Have researchers discovered the origins of ALS, also known as Lou Gehrig’s Disease? This baffling and fatal disease has perplexed doctors and scientists since it was discovered. The disease is named after professional ballplayer Lou Gehrig, who died from the illness in 1941. ALS attacks the central nervous system and causes progressive symptoms that lead to death. Early symptoms may include tremors, ticks, change in gait, loss of muscle control and eventually, paralysis. The disease also paralyzes the respiration system and this leads to death following the later stages of the disease.
ALS has no known cause at this time. Without knowing the origins of ALS, it is very difficult for scientists to zero in on a cure. While certain treatments are available to ease symptoms and slow the progression of the disease slightly, there is no treatment that can halt the progress of the disease overall, and therefore, it is always fatal.
The new study just released which may indicate that scientists have discovered the origins of ALS or Lou Gehrig’s disease is igniting a high level of excitement in researchers because it is a major breakthrough that gives clues to the way the disease might start. The study, published in the journal Cell Stem Cell, focuses on proteins. These proteins are involved in the nerve fibers that govern muscle movement.

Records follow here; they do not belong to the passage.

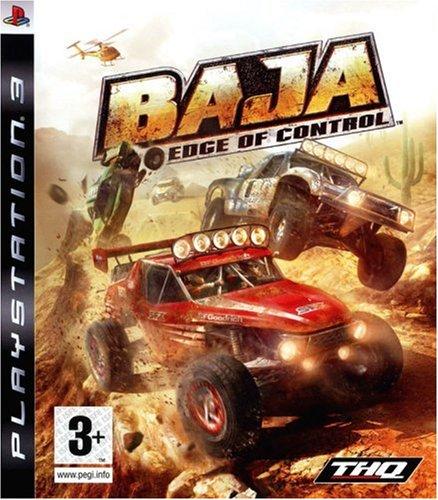 Third Party - Baja : Edge Of Control Occasion [ PS3 ] - 4005209112246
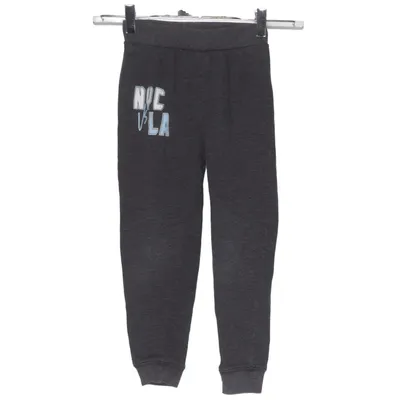 Pantalon de survêtement (Gris) de Skill Coton, Polyester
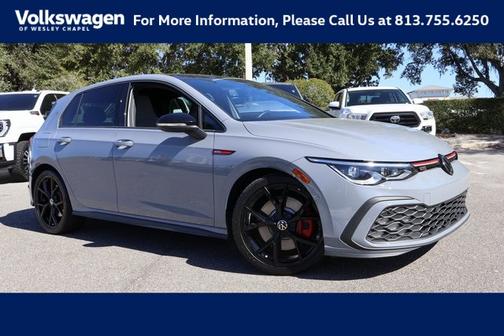 2024 Volkswagen Golf GTI 2.0T 380 Autobahn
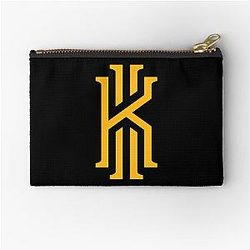 Kyrie Irving Zipper Pouch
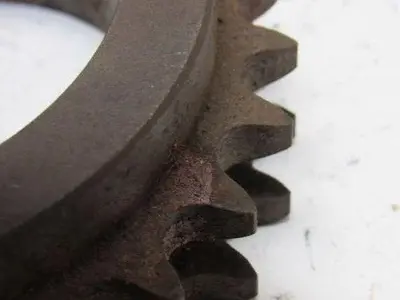 Dodge TLB425 #40 Roller Chain Sprocket Taper Lock Bushing 1212 25 Tooth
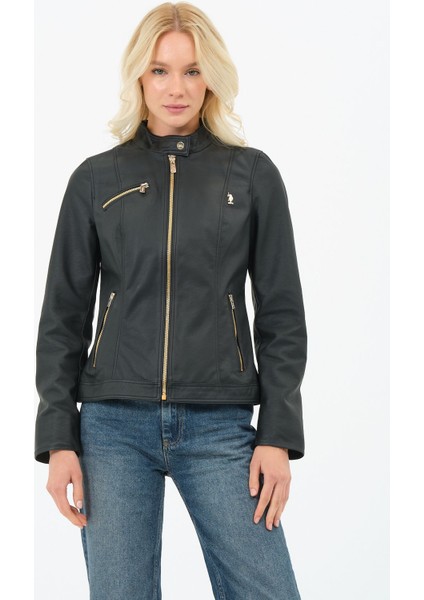 Kadın Siyah Mont fırsatları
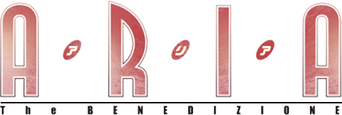 Aria the Benedizione logo
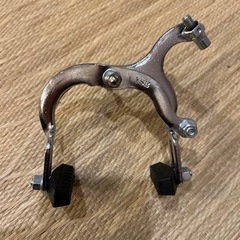 自転車ママチャリフロントブレーキ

Lead study researcher Su-Chun Zhang, who is also the first person to have successfully used human embryonic stem cells to grow motor neurons, says that his findings might provide scientists with an entirely new way of looking at disease origin and pathology for not only ALS, but for other diseases. The findings could also provide clues for better treatments for other neuro-degenerative diseases such as Alzheimer’s and Parkinson’s Disease.
Zhang has discovered that a shortage in one of the proteins which makes up a part of a transport structure called a neurofilament might be responsible for the origin of Lou Gehrig’s Disease. Zhang explains:
Like the studs, joists and rafters of a house, the neurofilament is the backbone of the cell, but it’s constantly changing. These proteins need to be shipped from the cell body, where they are produced, to the most distant part, and then be shipped back for recycling. If the proteins cannot form correctly and be transported easily, they form tangles that cause a cascade of problems.
The main discovery, he says, is that just one step in one protein involved in the production of the transport system known as the neurofilament might actually be what he calls “the cause of” ALS. He says that this discovery could very quickly lead to doctors and scientists reaching into a huge “library” of existing drugs and testing them to see whether they can have a beneficial effect on the disease process. Of course, the discovery might also lead to new drug treatments being developed and tested as soon as possible.
The origins of ALS, also known as Lou Gehrig’s Disease, might have just been discovered by scientist Su-Chun Zhang. He says that in this disease, there is “no time to waste.” His discovery could bring hope to millions of patients struggling with this fatal illness.